そこには右手に銀銃を構え、体全体が銀色の光に包まれた神保が立っていた。

「神保……」
「酷いじゃないか。僕には無理するなとか言っておいて自分は一人で無茶をするのか?」
 
 少し不機嫌気味な神保が駆け寄ってくる。
 息の荒さから相当急いでここまで来たらしい。

「神保、お前どうしてここが解った?」

 一人でグールに戦いを挑んだ事への謝罪でも、助けられたことへの礼でもなく、最初に翡翠の口から出てきたのはそんな疑問だった。
そんな友人に呆れながらも神保はズボンのポケットからスマートフォンを取り出して言う。
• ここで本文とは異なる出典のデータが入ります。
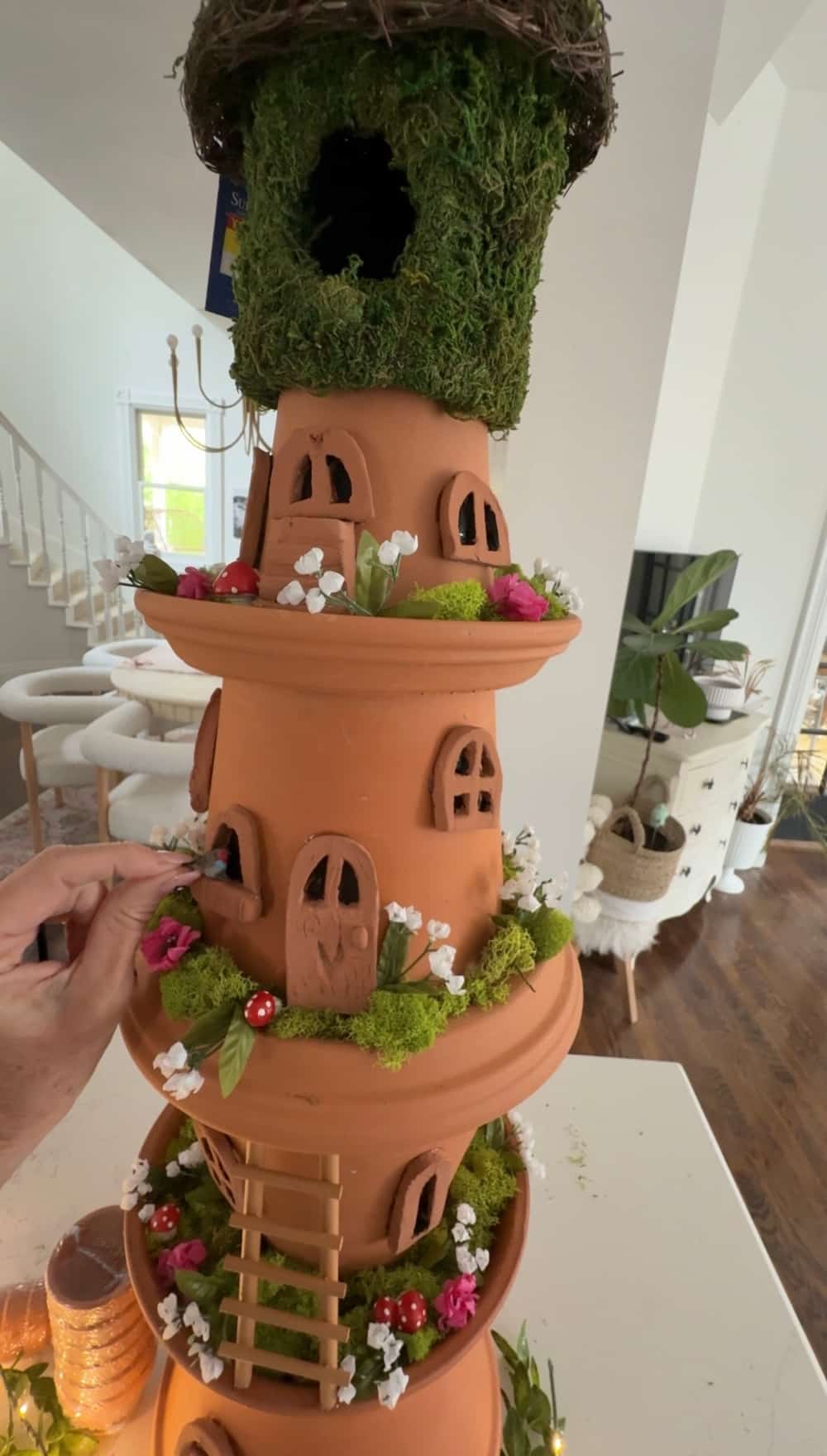 DIY Terra Cotta Pot Fairy Garden – A Magical Spring Craft. Create a whimsical stacked terra cotta fairy garden with clay doors, moss, and magical miniatures to add charm to your spring porch!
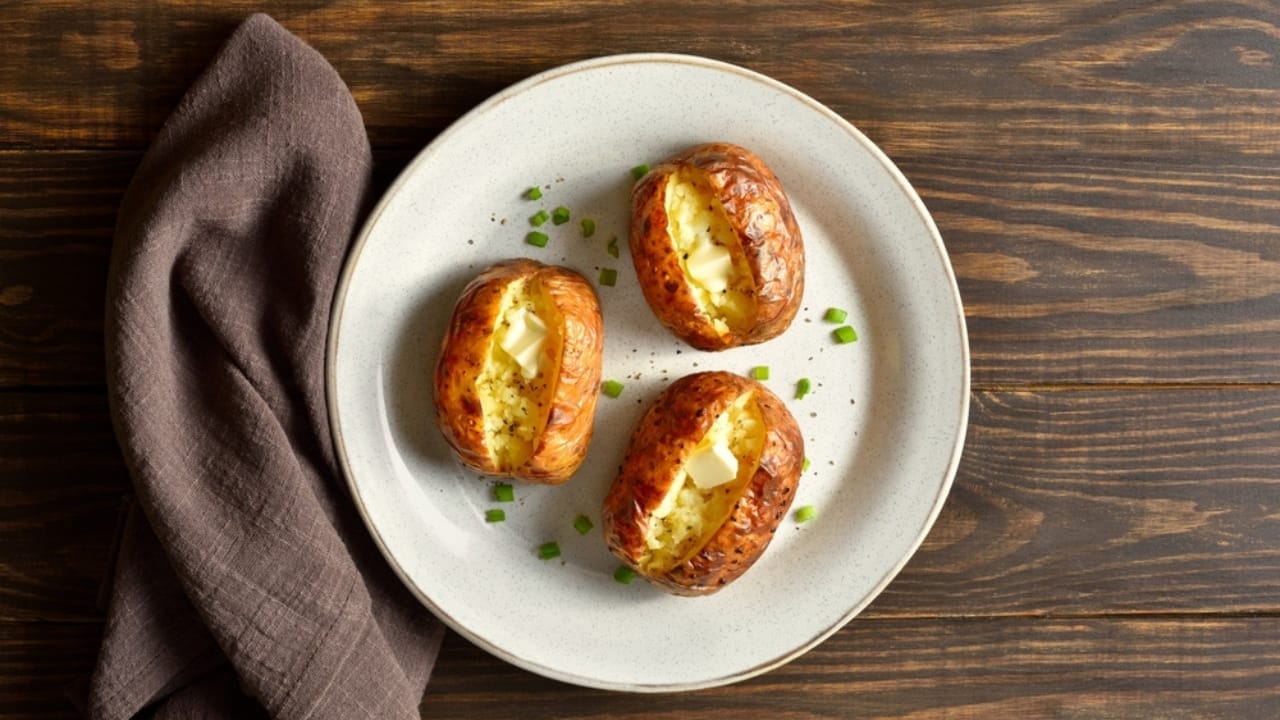 10 Tips for Baking Potatoes Like a Pro—And a Microwave Method When You’re in a Pinch 12 10 Tips for Baking Potatoes Like a Pro—And a Microwave Method When You’re in a Pinch - baked potato with butter ss2483381361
「発信機だよ。僕のスーツの上着に入れっぱなしにしてただろう」

 それは夕食を食べ終えた直後に神保が自慢げに見せ、翡翠が一言で使えないと切り捨てた刑事課の装備だ。
神保のスマホの画面には縮小された地図の上でここの位置がばっちりと赤く点滅していた。
翡翠の疑問はもう一つあった。
神保を寝かせた枕には睡魔の陣を仕掛けていて最低でも2時間は目を覚まさないはずあったのに神保は平然とした顔で今ここに立っている。
訳を尋ねようと思った翡翠だったが、光に包まれている神保の姿を見てすぐに理由を察した。
恐らくは銀銃が陣の効果を無効化したのだ。
あらゆる魔を跳ね除け、使用者を回復させる武器がこの銀銃である。ただの人間が描いたまじないなどすぐに消されてしまうのだろうと翡翠は自己解決する。

「……で、翡翠。僕に何かいう事無いのか?」

 神保が意地の悪い声で訊く。

「神保……その、すまな――」

 謝罪を言い切る前に神保は左手で作った握りこぶしで軽く翡翠を小突いた。

「これでおあいこだな翡翠。僕達は君の祖母のように強くない。ただの人間だ」
「神保……」
「だからどんな時も2人で助け合いながら戦おう。これからは抜け駆けはなしだ」

 神保の提案に翡翠は観念したように頷く。

「……ああ、もう一人で戦ったりお前を守ることをかんがえたりしねぇ。これからは助け合っていこう」

 照れくさそうに翡翠が鼻を摩り、2人が仲直りをした瞬間だった。

「聡介さぁああああああんっ!!」

 2人のいい雰囲気を壊すように右手を失った知恵がふらつきながら起き上がる。

「会いたかったわァアア」

 体はぼろぼろだったが念願の神保聡介を前に知恵は再び口から大量の涎を吐いた。
そんな知恵を前に神保は翡翠を庇うように前に立つ。

「グールを君一人であそこまで追い詰めたのか? すごいな……」
「本当はぶっ倒すところまで俺一人でやりたかったんだけどな」

 翡翠は悔しそうに両手を握り締めた。

「後は僕に任せてくれるか?」

 どこか頼もしさを感じさせる神保の台詞に翡翠は無言で頷く。

「聡介さぁああん。確かあなたの腕を齧った時に私の涎があなたの体内に入ってるはずよねぇ? これも運命かしら」
「そんな汚い運命があってたまるもんか」

 銀銃のハンマーを起こし、トリガーに指を掛ける神保。
銃口は知恵の頭に向けていた。

「どうして皆私を毛嫌いするの? もっと愛させて。もっと私を愛してよ!!」

 自分勝手な理屈を言い続ける知恵を前に、もはや神保に迷いは無かった。

「相手の全てを知りたいなんてそんなものは愛じゃない。ただの君の我侭だ!」

 被害者の無念を晴らすため。
これ以上の被害を出さない為。
自分の友人を守る為に神保は覚悟を決め、狙いを定める。

「愛してるわ聡介さん。私と一つになりましょう!!」

 片腕を失った知恵が最後の突撃を神保に仕掛けた。

「私をぉおお愛してェエエエエエエッ!!」
「やるぞ銀銃!! 僕に力を貸せ!!」

 神保の人差し指がトリガーを引く。
その瞬間に銃口に銀の炎が収束し、固まったエネルギーが光速で射出される。

「聡介さん――」

 銀色の光弾は額を貫き、知恵の体を銀色の炎で燃え上がらせる。

「ごめんよ……僕は君を愛せない」

 それは膝から崩れ落ち、徐々に灰となっていく知恵に神保が最後にかけた言葉だった。
やがて強い風が灰を吹き飛ばし、時葉町の都市伝説である人喰いチエちゃんこと西園寺知恵はこの世から完全に消え去った。
風に乗り、遠くに流れていく知恵の灰を神保と翡翠は遠く見えなくなるまで黙って眺め続けていた。